I kept saying in my NaNo Retrospective post that I would continue the point in another post – mostly this one! Because I suppose ultimately I didn’t have much to say about this years NaNo on it’s own. I will cover a lot in context with my yearly wrap-up post, and I also knew I wanted to write this post which would talk about some of the problems (or are they problems?) that I experienced.

In life we are surrounded by habit trackers. I have an apple watch and I love that thing but the “three rings everyday” thing just isn’t realistic, at least not for me. I have a 4thewords account and there are other sites (750 words is one I think?) that encourage streaks of writing every single day. If you google about productivity it says instituting habits is a good method, as it takes the decision process out. You do the task because you are supposed to do the task and it’s automatic and requires less willpower. Daily habits are a good thing and they are supposed to help! But are they realistic?
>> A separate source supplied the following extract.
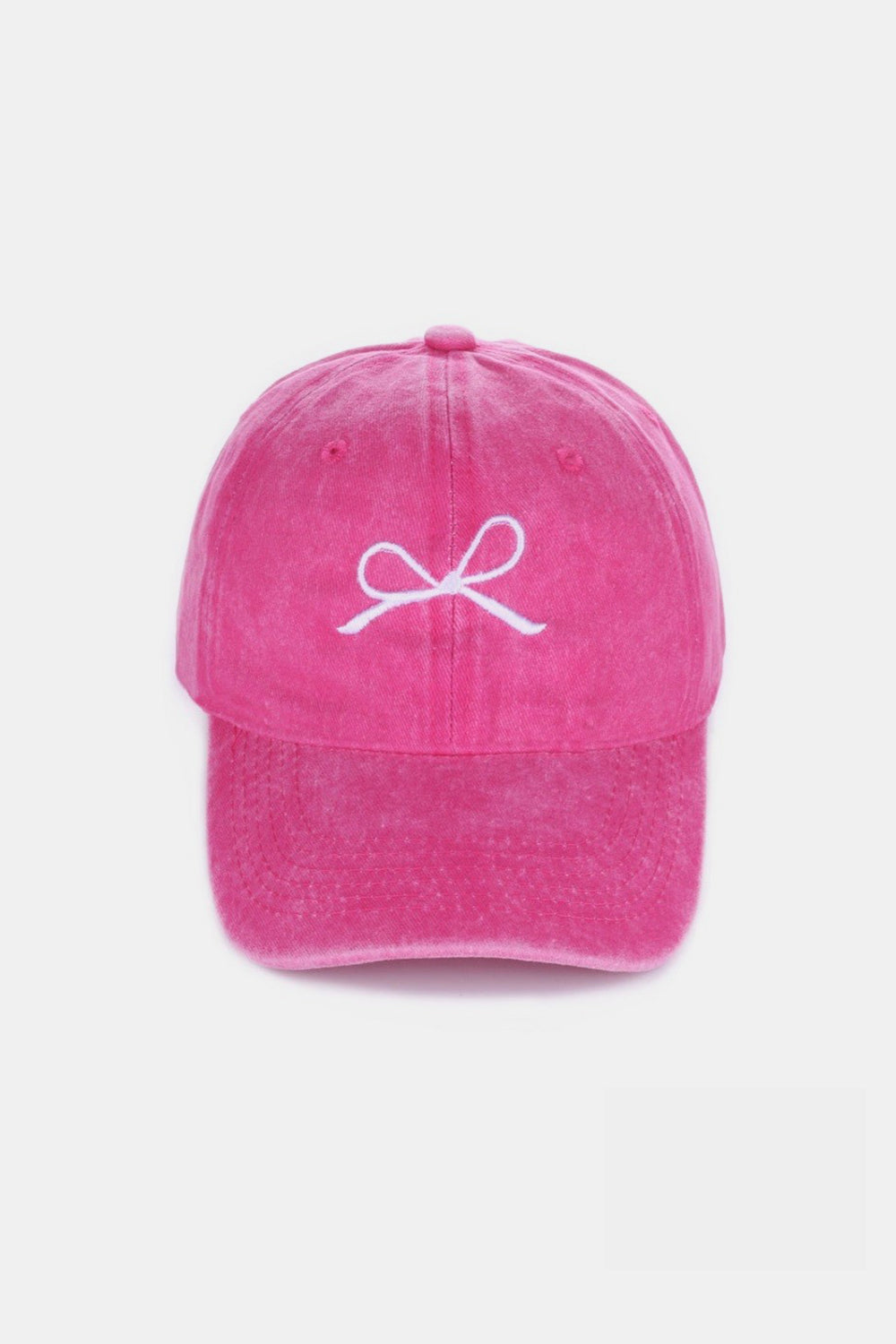 Zenana Bow Embroidered Washed Cotton Caps Caps Trendsi Hot Pink One Size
I have struggled with consistency forever. It has been a problem and something I have wanted to work on and ‘fix’ for years. I feel like if I could conquer the consistency problem then I would be able to be on track and ‘win’ at what I need to do. How many times have I lamented about my lack of focus? Bemoaned having good days and “why can’t I do that all the time?” It’s misery making. I want it and it just doesn’t happen. But should it?

The ‘standard’ work week of Monday-Friday 9-5 has a lot wrong with it but it does leave the weekends. These are often not for relaxing but for other tasks but the tasks are different and for the purposes of my point that is enough. Even in the gruelling ‘standard’ 40 hour work week there is a mental break with the weekends from that kind of work at least. (I know a lot of people work Saturdays, or 7 days a week, or multiple jobs, and the 5 day a week 9-5 grind is no picnic anyway, that’s not what I am saying). Wait what was my point? Right my point is doing the same thing every single day, 7 days a week, 365 days a year, might be like a nirvana goal but is that even healthy?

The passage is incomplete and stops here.